Mas se isso se dá assim, porque é que o mundo é dessa forma, desequilibrado? Teremos de voltar à nossa questão para continuar com a nossa busca. Examinamos que essa nossa necessidade de "transformar" poderia ter dado o impulso inicial para uma espécie de desarmonia evolucionária intelectual. Isso deve ter acontecido com alguns povos e com outros não. Os povos que se tornavam mais belicosos tornavam-se diametralmente opostos no que se referia à sensibilidade, ao feminino e à sexualidade, e vice-versa.

Esse início de pensamento, que trabalhando em cima das noções básicas do lutar ou fugir, criava, infelizmente, mais formas de lutar - pois temiam ter de fugir. Em meio disso ainda havia a necessidade básica do contato com o numinoso, característica de nossa espécie. E essa necessidade básica foi desenvolvida tendo como modelo essa "transformação". Essa melhora. E assim, eu, minha tribo, meu reino, tenho de me transformar externamente para enfrentar e destruir os inimigos, assim como tenho de me transformar internamente para que o meu deus possa me dar força e iluminação para continuar a enfrentar e destruir os infiéis pecadores.
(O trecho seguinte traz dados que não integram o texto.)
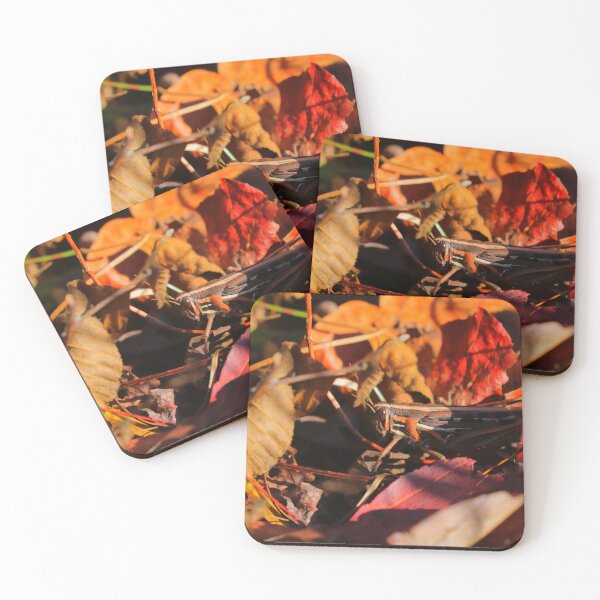 Item preview, Grasshoppers designed and sold by Parks and X.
Esse encadeamento desenrola-se até os dias de hoje. Onde a sexualidade continua sendo vigiada e a violência, a cada dia que passa, continua sendo considerada uma coisa normal. O amor é uma fantasia, existe para os poetas, para os fracos; a realidade é outra coisa - eles dizem - o mundo real exige que sejamos agressivos, se não o que está atrás passará por cima de nós. Mas esse argumento parece não levar em consideração que nós é que fazemos a realidade! E essa é a pergunta básica do Tantra: em que tipo de realidade a sua vida flui?

Mas por que a sexualidade sempre foi o alvo de sistemas totalitários, laicos ou não? Porque através dela essa noção de tempo se desfaz. Esse lutar ou fugir não tem mais sentido. Contudo, até mesmo uma "parte" da sexualidade foi capturada e foi, ou considerada doentia, ou considerada pecado, ou considerada pornográfica. Na verdade não considerada, mas tornada. Pois mais uma vez esse sistema que visa preservar esse "erro" que se estende pela história humana criou meios para os indivíduo não perceberem esse estado sublime, numinoso, neles mesmos.

Para saciar a sede por plenitude no homem, o controle criou esquemas onde a sexualidade, o feminino e a mulher foram considerados pecados, desvios, coisas ruins que desvirtuam; já no âmbito social (embora também fosse considerada um mau) foi feito vistas grossas para um tipo de sexualidade contaminada, um tipo de sexualidade onde a conquista era mais importante do que a troca (o termo conquista ganhou até uma característica "romântica" posteriormente), onde o proibido excitava, onde a violência fazia parte dessa dança corporal - agora uma espécie de luta; e finalmente, a partir das cátedras e laboratórios foram estabelecidos limites para essa sexualidade - e aquele que ousasse ultrapassar esses limites seria considerado um anormal, um louco, um desviado. Vigiar e Punir.

Mas se no início esse "erro" foi criado devido a ignorância, devido a falta de conhecimento, ele aos poucos foi se transformando em... norma. Então algo básico, natural, como a sexualidade, transformou-se em pecado, um comportamento proibido e vigiado, um tabu. E algo evitável, como a violência, tornou-se a regra.